At some point, someone remove the explicit ct->id field that we used to
have to save memory space. This ID was modified to part of its memory
address. Howeover, this is a problem because objects can be quickly
recycled with the slab-by-rcu approach that we use these days. So even
combining this 32-bit ID with the tuple doesn't ensure that this is
unique. Moreover, this is leaking the pointer to userspace in 32-bit
arches, which is not good.

So let's introduce a 64-bit unique ID that ensures no overlaps.

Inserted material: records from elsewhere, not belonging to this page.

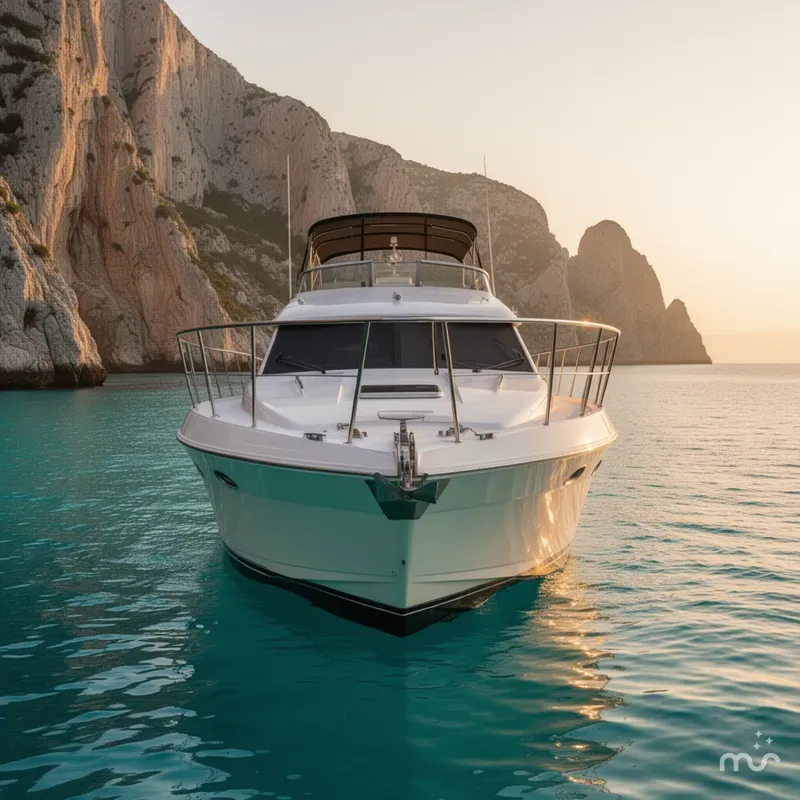Slide: The Image of Carver Yachts 350 Mariner 2003 - 1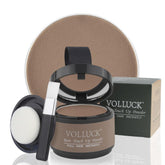 VOLLUCK polvo recubridor de raíces instantáneo para un acabado natural.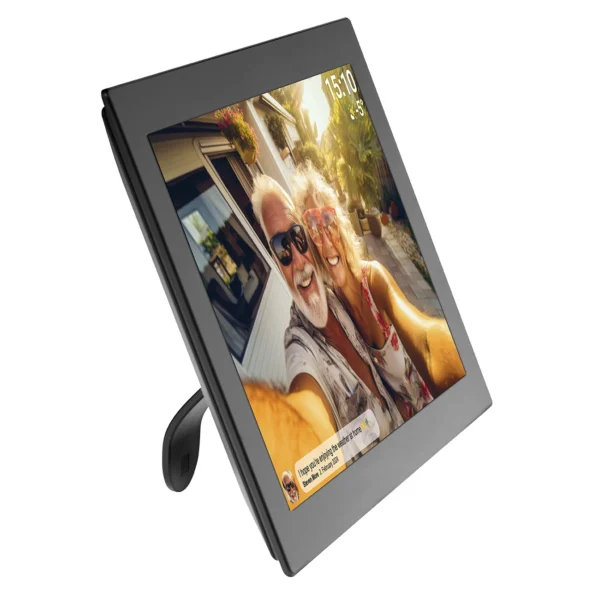 Denver Frameo PFF-1037B 10.1" Digital Frame - Blackeng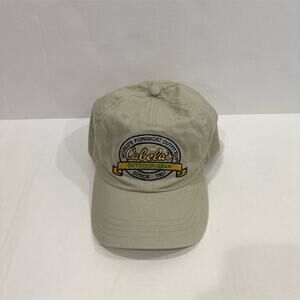 Cabela's Beige Baseball Cap Unisex Adjustable Strap back Casual Hat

This is
only allocated once in the first packet, and never ever again from the
hot path, so let's keep this in a separated extension not to grab more
cachelines.

ID assignment is lockless: this patch divides the 64-bit space between
the existing CPUs, so they can freely allocate IDs in their space.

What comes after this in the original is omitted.